> _What you should do_
Both the line containing "Buka Puasa Bersama" and the last line of the listing are included: write out exactly the lines from one to the other.

BEGIN The records

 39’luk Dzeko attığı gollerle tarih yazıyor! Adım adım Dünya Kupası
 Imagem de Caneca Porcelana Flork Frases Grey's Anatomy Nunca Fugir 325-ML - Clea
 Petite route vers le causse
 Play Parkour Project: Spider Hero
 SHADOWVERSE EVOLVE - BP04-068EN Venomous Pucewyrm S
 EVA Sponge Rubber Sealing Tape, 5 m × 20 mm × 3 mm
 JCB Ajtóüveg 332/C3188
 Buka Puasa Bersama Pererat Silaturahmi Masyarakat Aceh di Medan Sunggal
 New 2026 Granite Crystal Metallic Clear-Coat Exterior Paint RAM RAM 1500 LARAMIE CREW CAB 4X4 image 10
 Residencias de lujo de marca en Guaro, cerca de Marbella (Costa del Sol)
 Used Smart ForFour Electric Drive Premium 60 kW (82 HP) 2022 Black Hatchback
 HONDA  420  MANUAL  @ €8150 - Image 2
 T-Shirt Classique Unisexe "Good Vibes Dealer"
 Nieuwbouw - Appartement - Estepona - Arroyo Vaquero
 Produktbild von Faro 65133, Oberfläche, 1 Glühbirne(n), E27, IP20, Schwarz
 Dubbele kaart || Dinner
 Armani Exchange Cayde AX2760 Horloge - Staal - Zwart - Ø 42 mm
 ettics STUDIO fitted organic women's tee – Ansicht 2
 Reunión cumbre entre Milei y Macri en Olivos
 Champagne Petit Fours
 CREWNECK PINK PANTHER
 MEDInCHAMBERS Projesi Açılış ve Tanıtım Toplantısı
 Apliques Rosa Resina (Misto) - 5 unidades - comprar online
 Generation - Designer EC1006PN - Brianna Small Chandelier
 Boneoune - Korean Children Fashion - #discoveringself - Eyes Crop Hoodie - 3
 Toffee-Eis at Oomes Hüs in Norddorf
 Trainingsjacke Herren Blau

END The records

> _Response to this task_
 Buka Puasa Bersama Pererat Silaturahmi Masyarakat Aceh di Medan Sunggal
 New 2026 Granite Crystal Metallic Clear-Coat Exterior Paint RAM RAM 1500 LARAMIE CREW CAB 4X4 image 10
 Residencias de lujo de marca en Guaro, cerca de Marbella (Costa del Sol)
 Used Smart ForFour Electric Drive Premium 60 kW (82 HP) 2022 Black Hatchback
 HONDA  420  MANUAL  @ €8150 - Image 2
 T-Shirt Classique Unisexe "Good Vibes Dealer"
 Nieuwbouw - Appartement - Estepona - Arroyo Vaquero
 Produktbild von Faro 65133, Oberfläche, 1 Glühbirne(n), E27, IP20, Schwarz
 Dubbele kaart || Dinner
 Armani Exchange Cayde AX2760 Horloge - Staal - Zwart - Ø 42 mm
 ettics STUDIO fitted organic women's tee – Ansicht 2
 Reunión cumbre entre Milei y Macri en Olivos
 Champagne Petit Fours
 CREWNECK PINK PANTHER
 MEDInCHAMBERS Projesi Açılış ve Tanıtım Toplantısı
 Apliques Rosa Resina (Misto) - 5 unidades - comprar online
 Generation - Designer EC1006PN - Brianna Small Chandelier
 Boneoune - Korean Children Fashion - #discoveringself - Eyes Crop Hoodie - 3
 Toffee-Eis at Oomes Hüs in Norddorf
 Trainingsjacke Herren Blau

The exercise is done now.